There are three steps to take in diagnosing for NDI. The physician should:

  1. Perform a physical examination on the patient, checking for symptoms and measuring blood and urine variables.
  2. Restrict the patient from water from 4 to 12 hours, then measure the patient's urine at the end of the water fast. Healthy people will have increased the concentration of solutes to water in their urine two- to four-fold. An NDI patient will show no increase.
  3. Administer dDAVP, a synthetically modified form of AVP, to the patient. If the patient has NDI, his kidneys will still not be able to produce concentrated urine.

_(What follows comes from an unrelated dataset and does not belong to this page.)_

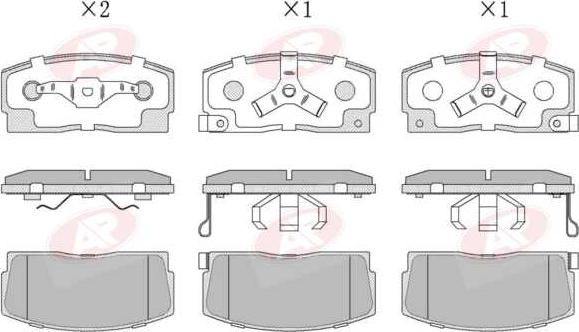 AP-SA 5AP055 - Тормозные колодки, дисковые, комплект abcparts.ee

Patients who have taken or currently take lithium should be monitored for symptoms of NDI. Sometimes NDI will go away if lithium is stopped; sometimes it will not. NDI patients must always have free access to water. If a patient is being treated for another condition, it is vital to be aware if he or she has NDI. For example, the amount of fluid normally administered pre- and post-surgically may not meet the NDI patient's fluid requirements.

Pharmacological treatments include a regime of diuretics such as amiloride and thiazide. These diuretics result in less water arriving at the CDs, and this helps reduce the amount of urine due to unabsorbed CD water. Thiazides rob the body of potassium; amiloride does not. In the short-term, the drug, indomethacin can be used to reduce urine flow. But long-term use of indomethacin is not recommended. If a patient has excessive plasma sodium and an obscure medical history, the diagnosing physician should always check for lithium and NDI.